I was a fish out of water and I stared at you blankly. None of your edges were crisp as my eyes went unfocused.
“Varity?” you said like a parent trying to get their children’s attention. It wasn’t harsh or sharp, but it was authoritative.
I blinked in your general direction and my mouth tried to form words. I’d just run a half-marathon though and I was out of gas.
“Varity!?” you said more sharply and I saw your amorphous shape in my unfocused eyes lean forward in your chair across from me.
I stared in your direction and willed my eyes to focus. Green eyes under dark, bushy eyebrows were trained on me. Your frame was erect and tense and you were ready to pounce on some unseen danger.
My mouth moved and my body started to feel like jelly as I slumped further into the couch. I wanted to tell you…I couldn’t remember what I wanted to tell you. This was all so much.
Suddenly you were crouched in front of me peering up into my face and cradling it gently in your hands.
“Varity?” you said and the panic was creeping into your voice. Your eyes were the size of saucers and the deep green of a winter pine forest. I swear, when I looked right in your eyes it was all I ever saw. “Varity? What’s going on?”
My pity played hero to your sad face again and gave me just enough of a hit of adrenaline to form words with my tongue and enough breath to put air behind them.
“I’m just so tired. I’m empty. I need to rest,” I said softly and closed my eyes for a moment.
You indisputably had more energy than I did so you did me the favour of crying so I could return to being catatonic. Hibernation seemed like a very good idea.
“Varity! Dodi! Dodi, come back. Please, you can’t do this right now. You can’t leave me,” you said with a simultaneous firm and panicked voice while gently shaking my shoulders, like I was a child who’d run out in traffic in front of their parents.
I tried to speak again. I felt air leave my throat but the words didn’t quite make it. I swallowed hard, took a deep breath and tried again.
My chest bolstered with full lungs, I summoned a little energy to bow my lips to your forehead.
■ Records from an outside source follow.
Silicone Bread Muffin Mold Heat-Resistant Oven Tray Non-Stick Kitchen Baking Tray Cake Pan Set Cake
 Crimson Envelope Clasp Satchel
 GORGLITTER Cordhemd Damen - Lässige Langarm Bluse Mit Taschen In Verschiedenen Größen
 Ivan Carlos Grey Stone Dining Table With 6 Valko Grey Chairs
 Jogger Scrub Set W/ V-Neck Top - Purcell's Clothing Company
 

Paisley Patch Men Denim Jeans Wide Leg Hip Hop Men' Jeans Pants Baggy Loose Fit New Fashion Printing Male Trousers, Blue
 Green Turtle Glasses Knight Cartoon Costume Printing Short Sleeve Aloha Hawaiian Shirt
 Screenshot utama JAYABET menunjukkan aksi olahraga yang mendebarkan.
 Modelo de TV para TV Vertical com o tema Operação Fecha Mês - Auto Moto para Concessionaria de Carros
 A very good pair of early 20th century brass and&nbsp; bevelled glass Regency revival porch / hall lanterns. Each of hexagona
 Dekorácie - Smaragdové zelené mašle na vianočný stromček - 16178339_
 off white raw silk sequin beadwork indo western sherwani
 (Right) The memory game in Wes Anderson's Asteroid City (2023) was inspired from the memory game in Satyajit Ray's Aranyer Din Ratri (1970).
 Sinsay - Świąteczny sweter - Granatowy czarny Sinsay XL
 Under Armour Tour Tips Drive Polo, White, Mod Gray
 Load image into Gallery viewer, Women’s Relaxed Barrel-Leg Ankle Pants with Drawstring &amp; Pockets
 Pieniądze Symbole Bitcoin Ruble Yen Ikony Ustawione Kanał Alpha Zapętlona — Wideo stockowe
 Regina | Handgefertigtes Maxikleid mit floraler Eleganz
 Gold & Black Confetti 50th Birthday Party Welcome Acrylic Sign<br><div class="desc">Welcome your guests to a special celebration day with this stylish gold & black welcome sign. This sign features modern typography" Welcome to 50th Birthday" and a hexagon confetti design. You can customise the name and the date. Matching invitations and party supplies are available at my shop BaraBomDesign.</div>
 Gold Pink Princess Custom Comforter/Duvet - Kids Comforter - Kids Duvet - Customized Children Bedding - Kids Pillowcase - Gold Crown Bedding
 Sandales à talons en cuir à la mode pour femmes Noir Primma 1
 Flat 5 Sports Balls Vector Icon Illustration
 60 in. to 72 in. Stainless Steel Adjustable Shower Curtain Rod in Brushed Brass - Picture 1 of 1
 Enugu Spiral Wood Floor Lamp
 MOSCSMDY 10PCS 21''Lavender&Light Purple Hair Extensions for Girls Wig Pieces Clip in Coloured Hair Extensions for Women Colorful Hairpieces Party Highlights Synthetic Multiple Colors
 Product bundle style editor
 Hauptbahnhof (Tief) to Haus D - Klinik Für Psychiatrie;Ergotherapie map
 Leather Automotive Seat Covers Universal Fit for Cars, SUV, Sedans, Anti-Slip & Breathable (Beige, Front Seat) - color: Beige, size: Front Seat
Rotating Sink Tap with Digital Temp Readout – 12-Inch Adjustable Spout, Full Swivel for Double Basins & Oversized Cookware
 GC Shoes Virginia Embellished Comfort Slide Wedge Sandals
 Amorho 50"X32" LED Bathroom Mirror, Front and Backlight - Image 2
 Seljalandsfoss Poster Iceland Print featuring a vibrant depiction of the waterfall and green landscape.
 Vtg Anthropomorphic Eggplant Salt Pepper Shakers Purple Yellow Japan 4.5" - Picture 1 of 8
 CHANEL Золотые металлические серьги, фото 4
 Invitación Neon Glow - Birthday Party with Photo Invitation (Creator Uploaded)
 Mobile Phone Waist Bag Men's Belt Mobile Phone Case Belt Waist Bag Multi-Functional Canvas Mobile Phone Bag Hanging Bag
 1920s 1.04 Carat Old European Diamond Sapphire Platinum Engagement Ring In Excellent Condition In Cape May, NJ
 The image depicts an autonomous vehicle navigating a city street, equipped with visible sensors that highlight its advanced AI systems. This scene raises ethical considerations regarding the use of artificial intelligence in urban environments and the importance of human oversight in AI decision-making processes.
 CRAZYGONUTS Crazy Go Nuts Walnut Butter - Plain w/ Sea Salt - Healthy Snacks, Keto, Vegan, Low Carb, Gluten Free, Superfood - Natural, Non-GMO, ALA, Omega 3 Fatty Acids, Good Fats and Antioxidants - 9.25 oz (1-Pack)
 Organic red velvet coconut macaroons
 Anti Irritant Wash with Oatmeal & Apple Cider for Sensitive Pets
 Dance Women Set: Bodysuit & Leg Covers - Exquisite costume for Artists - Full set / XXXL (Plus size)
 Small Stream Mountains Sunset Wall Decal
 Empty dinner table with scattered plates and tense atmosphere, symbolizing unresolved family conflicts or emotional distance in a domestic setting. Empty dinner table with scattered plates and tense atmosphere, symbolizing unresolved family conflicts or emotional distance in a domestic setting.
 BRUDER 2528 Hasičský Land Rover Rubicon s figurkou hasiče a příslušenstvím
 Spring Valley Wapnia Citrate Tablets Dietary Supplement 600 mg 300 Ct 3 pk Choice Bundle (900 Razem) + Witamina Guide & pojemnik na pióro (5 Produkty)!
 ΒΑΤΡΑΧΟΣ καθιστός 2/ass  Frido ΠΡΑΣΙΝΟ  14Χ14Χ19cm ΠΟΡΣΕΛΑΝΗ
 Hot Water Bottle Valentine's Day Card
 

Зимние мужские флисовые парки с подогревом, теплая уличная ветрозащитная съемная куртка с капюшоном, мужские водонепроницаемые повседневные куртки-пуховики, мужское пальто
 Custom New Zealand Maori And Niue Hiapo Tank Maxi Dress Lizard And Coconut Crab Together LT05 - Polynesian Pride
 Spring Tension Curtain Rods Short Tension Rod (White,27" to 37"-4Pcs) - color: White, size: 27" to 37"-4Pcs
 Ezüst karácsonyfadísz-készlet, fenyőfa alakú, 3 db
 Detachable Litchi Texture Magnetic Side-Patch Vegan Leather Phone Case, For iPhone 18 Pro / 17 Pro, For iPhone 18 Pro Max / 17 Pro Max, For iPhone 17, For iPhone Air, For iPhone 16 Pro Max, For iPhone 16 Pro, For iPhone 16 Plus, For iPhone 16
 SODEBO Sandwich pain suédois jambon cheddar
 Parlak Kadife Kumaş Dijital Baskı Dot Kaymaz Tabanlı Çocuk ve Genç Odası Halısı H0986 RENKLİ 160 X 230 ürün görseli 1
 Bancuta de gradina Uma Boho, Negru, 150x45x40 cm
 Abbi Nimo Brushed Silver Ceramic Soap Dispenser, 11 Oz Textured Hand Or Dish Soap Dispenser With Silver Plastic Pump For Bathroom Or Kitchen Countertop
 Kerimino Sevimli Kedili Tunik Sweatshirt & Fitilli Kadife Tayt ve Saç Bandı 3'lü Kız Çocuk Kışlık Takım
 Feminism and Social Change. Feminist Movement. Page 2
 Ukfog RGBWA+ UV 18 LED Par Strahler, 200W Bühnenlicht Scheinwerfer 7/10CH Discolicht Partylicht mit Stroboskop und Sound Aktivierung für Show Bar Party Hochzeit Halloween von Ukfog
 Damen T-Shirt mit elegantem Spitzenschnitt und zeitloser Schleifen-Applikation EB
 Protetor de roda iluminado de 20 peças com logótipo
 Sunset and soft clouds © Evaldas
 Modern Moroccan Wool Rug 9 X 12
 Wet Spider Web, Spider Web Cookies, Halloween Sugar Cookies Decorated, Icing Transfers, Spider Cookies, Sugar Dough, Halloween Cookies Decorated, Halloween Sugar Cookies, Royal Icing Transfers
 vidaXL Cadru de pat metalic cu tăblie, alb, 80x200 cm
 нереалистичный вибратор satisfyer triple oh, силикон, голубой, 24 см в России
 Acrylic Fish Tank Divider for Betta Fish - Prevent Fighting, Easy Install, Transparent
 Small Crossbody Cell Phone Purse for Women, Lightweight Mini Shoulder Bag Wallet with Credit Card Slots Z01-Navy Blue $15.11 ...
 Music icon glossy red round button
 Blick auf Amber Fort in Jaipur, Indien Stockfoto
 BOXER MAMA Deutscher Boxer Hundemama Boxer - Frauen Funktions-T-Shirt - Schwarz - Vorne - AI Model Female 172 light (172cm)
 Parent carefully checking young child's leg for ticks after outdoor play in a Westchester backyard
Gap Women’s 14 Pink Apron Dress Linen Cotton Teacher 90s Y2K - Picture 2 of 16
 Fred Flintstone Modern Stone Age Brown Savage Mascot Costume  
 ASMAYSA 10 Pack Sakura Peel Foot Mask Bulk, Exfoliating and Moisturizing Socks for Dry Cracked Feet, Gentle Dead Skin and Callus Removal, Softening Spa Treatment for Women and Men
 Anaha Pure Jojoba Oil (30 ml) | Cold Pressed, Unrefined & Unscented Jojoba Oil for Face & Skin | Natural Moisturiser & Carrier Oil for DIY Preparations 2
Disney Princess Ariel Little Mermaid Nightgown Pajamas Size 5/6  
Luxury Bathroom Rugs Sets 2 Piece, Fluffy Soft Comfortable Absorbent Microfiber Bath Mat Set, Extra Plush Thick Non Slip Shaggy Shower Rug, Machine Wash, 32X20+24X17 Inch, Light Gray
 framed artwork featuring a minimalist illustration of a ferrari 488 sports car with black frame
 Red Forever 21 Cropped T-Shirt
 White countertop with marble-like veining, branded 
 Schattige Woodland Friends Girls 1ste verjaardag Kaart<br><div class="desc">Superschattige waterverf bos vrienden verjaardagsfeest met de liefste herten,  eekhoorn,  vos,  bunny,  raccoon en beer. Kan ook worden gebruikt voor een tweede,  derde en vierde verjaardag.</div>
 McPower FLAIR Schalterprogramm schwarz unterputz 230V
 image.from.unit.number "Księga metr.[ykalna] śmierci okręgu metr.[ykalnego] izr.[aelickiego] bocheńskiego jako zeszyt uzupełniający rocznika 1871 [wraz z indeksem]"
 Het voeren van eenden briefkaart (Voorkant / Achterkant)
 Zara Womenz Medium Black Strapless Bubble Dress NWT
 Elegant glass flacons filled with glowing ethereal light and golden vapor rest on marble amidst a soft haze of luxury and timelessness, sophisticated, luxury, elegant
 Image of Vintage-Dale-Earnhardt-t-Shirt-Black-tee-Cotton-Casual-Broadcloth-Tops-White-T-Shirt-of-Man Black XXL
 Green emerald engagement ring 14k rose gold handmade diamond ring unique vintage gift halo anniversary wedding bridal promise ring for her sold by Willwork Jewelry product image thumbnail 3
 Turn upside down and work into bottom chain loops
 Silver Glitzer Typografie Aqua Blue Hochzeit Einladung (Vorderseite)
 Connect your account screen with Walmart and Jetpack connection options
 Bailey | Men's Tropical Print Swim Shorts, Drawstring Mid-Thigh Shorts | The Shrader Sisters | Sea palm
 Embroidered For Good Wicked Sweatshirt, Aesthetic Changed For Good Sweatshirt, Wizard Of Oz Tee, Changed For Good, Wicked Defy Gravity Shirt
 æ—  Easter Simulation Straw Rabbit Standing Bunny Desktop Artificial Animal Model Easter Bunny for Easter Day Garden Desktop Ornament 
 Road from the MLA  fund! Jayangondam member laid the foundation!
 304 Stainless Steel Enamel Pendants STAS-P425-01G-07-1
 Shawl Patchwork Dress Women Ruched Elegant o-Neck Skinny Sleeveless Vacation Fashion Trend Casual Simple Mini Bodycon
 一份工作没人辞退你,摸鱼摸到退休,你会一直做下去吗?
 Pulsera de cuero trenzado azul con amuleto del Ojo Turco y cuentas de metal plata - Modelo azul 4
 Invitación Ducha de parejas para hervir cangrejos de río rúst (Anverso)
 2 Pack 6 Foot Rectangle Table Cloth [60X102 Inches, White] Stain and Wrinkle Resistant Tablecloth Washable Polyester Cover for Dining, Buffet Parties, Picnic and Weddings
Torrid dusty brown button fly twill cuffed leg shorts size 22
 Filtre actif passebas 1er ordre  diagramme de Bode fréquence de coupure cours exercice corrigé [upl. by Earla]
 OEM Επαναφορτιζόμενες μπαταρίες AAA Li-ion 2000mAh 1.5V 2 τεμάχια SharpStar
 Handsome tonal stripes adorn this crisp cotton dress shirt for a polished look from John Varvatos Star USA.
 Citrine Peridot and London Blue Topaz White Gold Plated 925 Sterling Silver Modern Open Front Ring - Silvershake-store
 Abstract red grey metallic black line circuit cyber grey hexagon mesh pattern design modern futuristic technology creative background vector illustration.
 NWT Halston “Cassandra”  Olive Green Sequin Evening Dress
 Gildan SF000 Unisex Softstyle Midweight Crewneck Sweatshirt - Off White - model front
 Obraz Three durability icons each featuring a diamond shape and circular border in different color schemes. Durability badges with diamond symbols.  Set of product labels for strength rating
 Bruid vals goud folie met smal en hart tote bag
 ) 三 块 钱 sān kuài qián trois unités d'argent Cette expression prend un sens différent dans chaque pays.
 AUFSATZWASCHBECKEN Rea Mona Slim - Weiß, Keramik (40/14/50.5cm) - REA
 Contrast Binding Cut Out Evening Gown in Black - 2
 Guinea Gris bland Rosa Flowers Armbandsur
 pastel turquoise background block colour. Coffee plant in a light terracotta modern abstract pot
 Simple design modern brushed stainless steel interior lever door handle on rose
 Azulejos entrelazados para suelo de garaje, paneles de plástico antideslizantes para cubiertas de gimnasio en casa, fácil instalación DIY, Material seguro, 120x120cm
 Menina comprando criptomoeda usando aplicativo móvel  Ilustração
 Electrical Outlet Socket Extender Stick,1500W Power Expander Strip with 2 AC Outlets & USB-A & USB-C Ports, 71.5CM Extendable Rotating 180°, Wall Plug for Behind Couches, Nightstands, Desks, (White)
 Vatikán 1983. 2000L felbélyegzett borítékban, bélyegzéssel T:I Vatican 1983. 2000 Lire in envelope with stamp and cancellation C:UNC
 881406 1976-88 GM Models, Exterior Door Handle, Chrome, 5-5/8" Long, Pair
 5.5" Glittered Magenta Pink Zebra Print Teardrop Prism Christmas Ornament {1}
I planted a soft, slow kiss on you, before slowly exhaling reassurances closer to your ear.
“I’m empty. I feel empty. I need rest. I’ll be ok.”
I slumped back into the couch as you spun out in a low-grade panic attack trying to fix what you broke and having no idea how to do it. You still don’t, quite frankly.
There was some more chatter but I’m not even sure you could hear the words my mouth struggled to form. Zombies have more life than I did that morning.
I slept most of the rest of the day but the fog receded briefly a few times. I do remember one point where you lavished my feet with special lotion and fretted over me there on your living room floor. It smelled divine and you wanted me to feel special and loved – that much was clear.
After you finished, a hard, painful lump formed in my chest. I felt it grow and words failed me again before I heaved it out with deep aching sobs.
Concern contorted your face again as you came to my side. I expelled the physical pain from my chest as I cried “Bean!” and you wept softly with me for a few moments. You tried to cheer me up and said we could try again but I was still bleeding and there was no time for “next time”.
We played scrabble (and I beat you so bad). That was a happy dream within the nightmare of that day and it was genuinely happy.
I still had to go and I knew it. This was as good as it got and I had to be half-dead for you to treat me with this much empathy and concern and I could still see the red flags, even through my suffocating blanket, and my heart was breaking all around me and I still had to go.
I wanted to do it more peacefully, but you did me the favour of reminding me exactly how large and vibrant those red flags were by flagrantly disrespecting me, and pissing me off enough to give me the energy to physically get up. So I stayed true to our entirely dramatic six weeks and left with a bang.
You could only maintain the princely façade for so long. It made it so much easier to get out. Not coming back and struggling with trauma bonding was an ongoing ordeal, but getting out the door was easy.